> DATA SECTION:

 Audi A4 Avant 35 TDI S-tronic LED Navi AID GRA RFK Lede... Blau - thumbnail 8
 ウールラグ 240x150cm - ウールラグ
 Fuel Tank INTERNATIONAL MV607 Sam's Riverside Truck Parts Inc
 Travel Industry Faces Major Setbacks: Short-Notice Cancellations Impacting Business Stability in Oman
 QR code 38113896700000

...

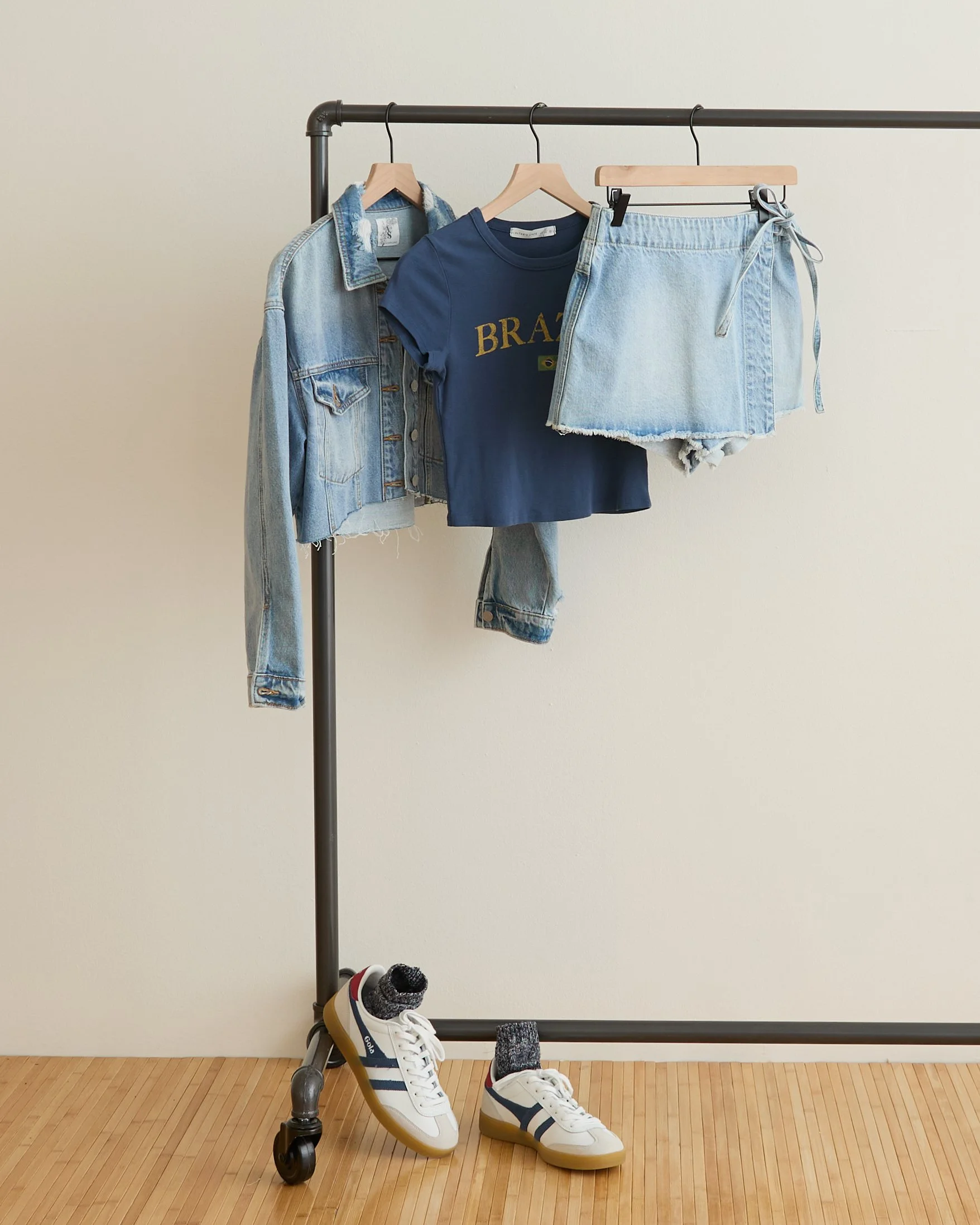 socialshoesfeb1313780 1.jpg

> TASK INSTRUCTIONS: There is a run of lines above from the one with "Audi A4 Avant" to the one with "QR code 38113896700000"; print exactly that run, both ends included, and nothing else.

> WRITTEN RESPONSE:
 Audi A4 Avant 35 TDI S-tronic LED Navi AID GRA RFK Lede... Blau - thumbnail 8
 ウールラグ 240x150cm - ウールラグ
 Fuel Tank INTERNATIONAL MV607 Sam's Riverside Truck Parts Inc
 Travel Industry Faces Major Setbacks: Short-Notice Cancellations Impacting Business Stability in Oman
 QR code 38113896700000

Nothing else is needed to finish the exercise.